= WORK TASK =
Copy out the data from the line containing "14 Reasons Why" to its last line, exactly. No pictures.

*** Opening of DATA BELOW ***

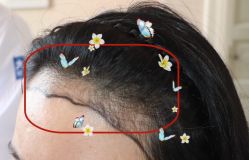 -大麦微针植发全国连锁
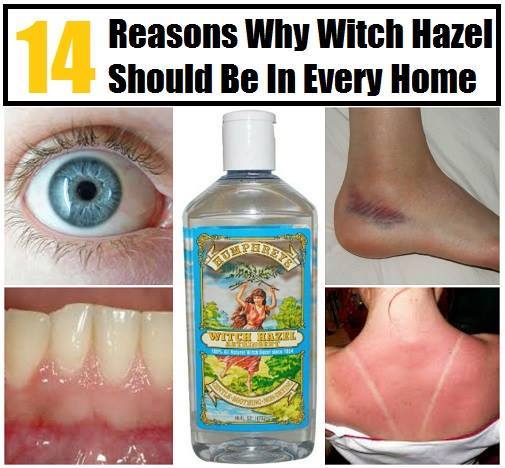 14 Reasons Why Every Home Should Have Witch Hazel
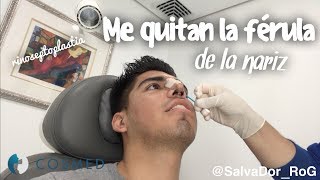 Me quitaron la férula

*** Close of DATA BELOW ***

= EXERCISE SOLUTION =
 14 Reasons Why Every Home Should Have Witch Hazel
 Me quitaron la férula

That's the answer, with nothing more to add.